[COLLECTED MATERIAL — start]
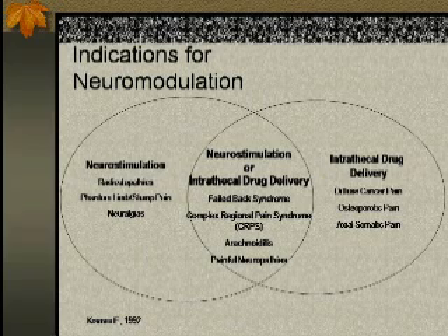Complex regional pain syndrome — I have patients who respond very well to neurostimulation, and others who respond well to intrathecal drug delivery, and some who use both. Arachnoiditis also responds to both, as do other painful neuropathies. Evaluating the etiology of your patient's pain and really weighing the risks and benefits of both methods of neuromodulation can really impact the results you're going to obtain.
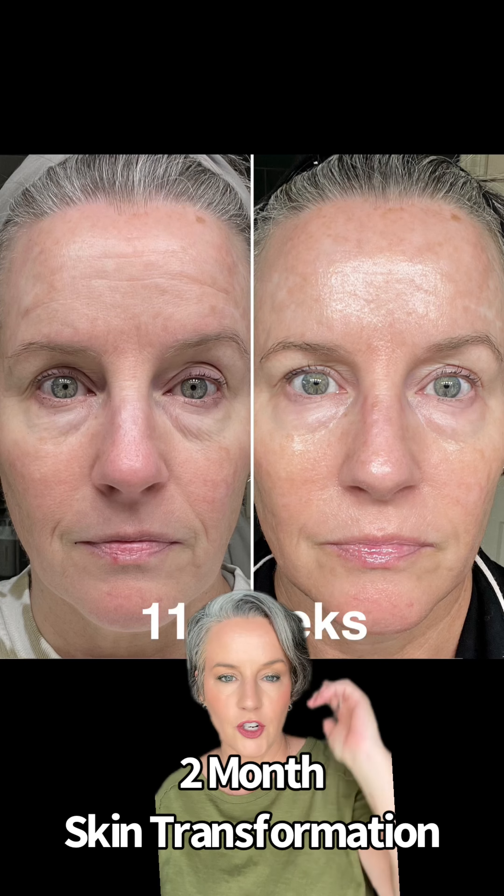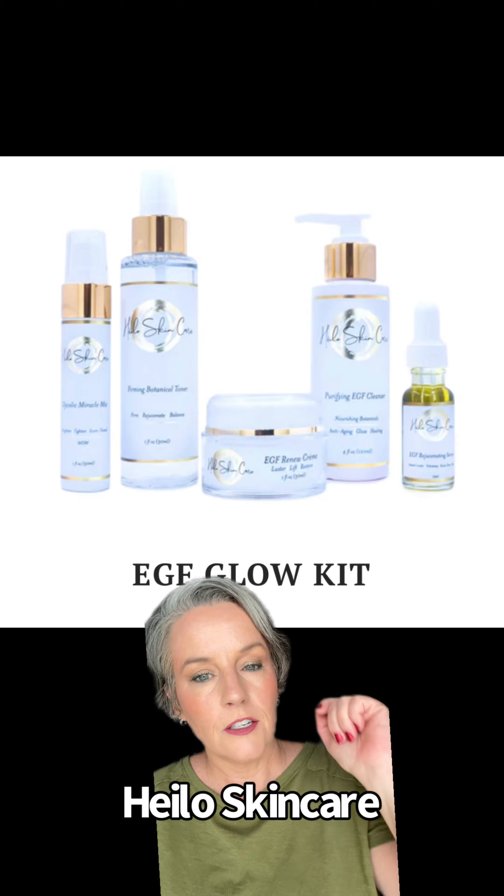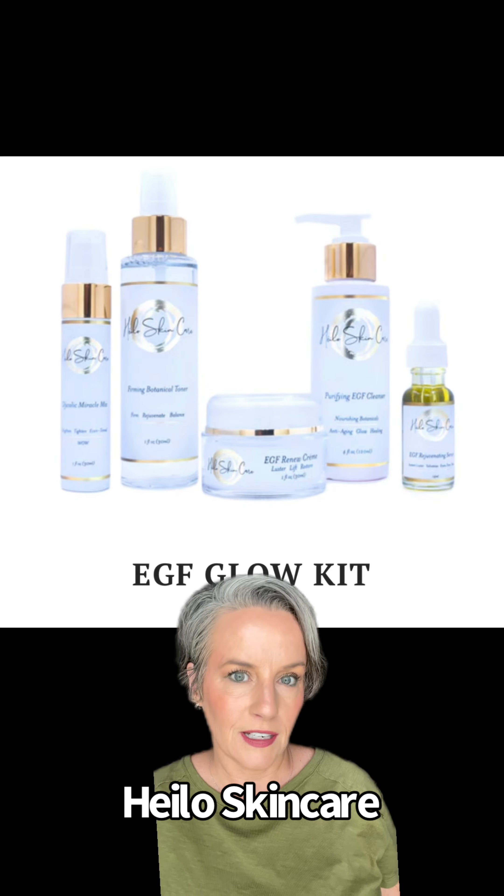I've improved my skin so much in only two months. How did I do it? I've been using the EGF Glow Kit from Halo Skin Care. What in the heck is EGF? EGF is Epidermal Growth Factor. It's a protein that stimulates the healing process in the skin, and it is in almost every medical grade skincare product that you would find in a med spa.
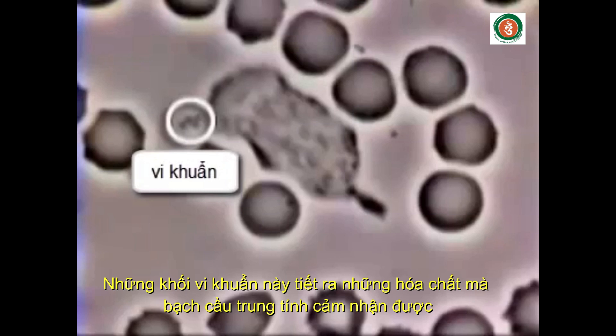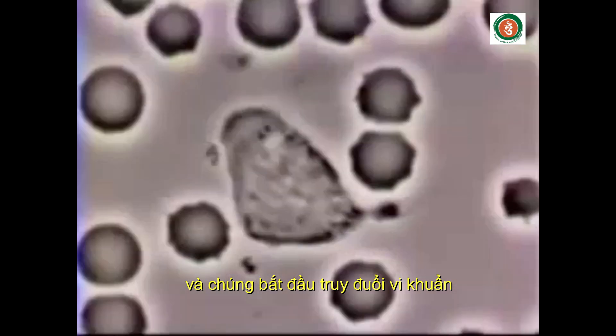The small clump of bacteria release a chemoattractant that is sensed by the neutrophil. The neutrophil becomes polarized and starts chasing the bacteria.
[COLLECTED MATERIAL — finish]
_THE PROBLEM:_ Please write every line above out exactly as given, except for any pictures.

_WRITTEN REPLY:_
Complex regional pain syndrome — I have patients who respond very well to neurostimulation, and others who respond well to intrathecal drug delivery, and some who use both. Arachnoiditis also responds to both, as do other painful neuropathies. Evaluating the etiology of your patient's pain and really weighing the risks and benefits of both methods of neuromodulation can really impact the results you're going to obtain.
I've improved my skin so much in only two months. How did I do it? I've been using the EGF Glow Kit from Halo Skin Care. What in the heck is EGF? EGF is Epidermal Growth Factor. It's a protein that stimulates the healing process in the skin, and it is in almost every medical grade skincare product that you would find in a med spa.
The small clump of bacteria release a chemoattractant that is sensed by the neutrophil. The neutrophil becomes polarized and starts chasing the bacteria.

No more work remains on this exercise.